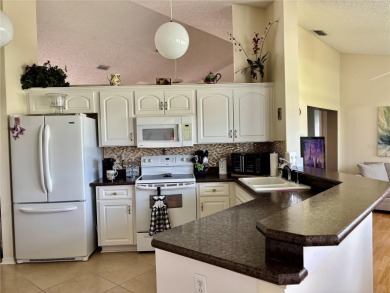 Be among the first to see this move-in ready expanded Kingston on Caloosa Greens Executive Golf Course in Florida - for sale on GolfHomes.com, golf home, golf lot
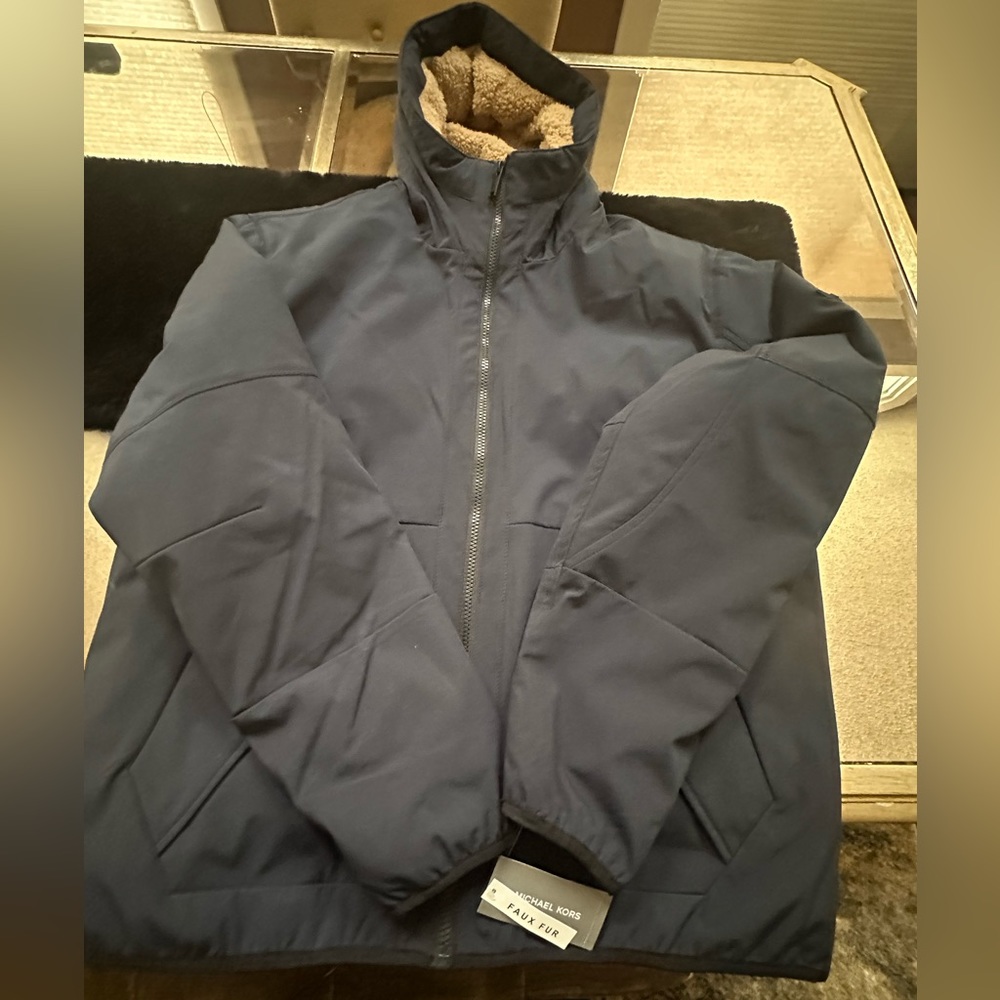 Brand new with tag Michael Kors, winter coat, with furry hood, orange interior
# # # # #
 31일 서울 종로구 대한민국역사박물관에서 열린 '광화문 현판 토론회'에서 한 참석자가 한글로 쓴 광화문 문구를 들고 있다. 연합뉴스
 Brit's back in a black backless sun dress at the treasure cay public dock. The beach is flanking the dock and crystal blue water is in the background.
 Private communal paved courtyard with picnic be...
# # # # #
▶ **Task goal**: Only one stretch of the data above is needed. Restate it word for word, from the line containing "Brit's back in" through the line containing "Private communal paved", both ends included.

▶ **Answer below**:
 Brit's back in a black backless sun dress at the treasure cay public dock. The beach is flanking the dock and crystal blue water is in the background.
 Private communal paved courtyard with picnic be...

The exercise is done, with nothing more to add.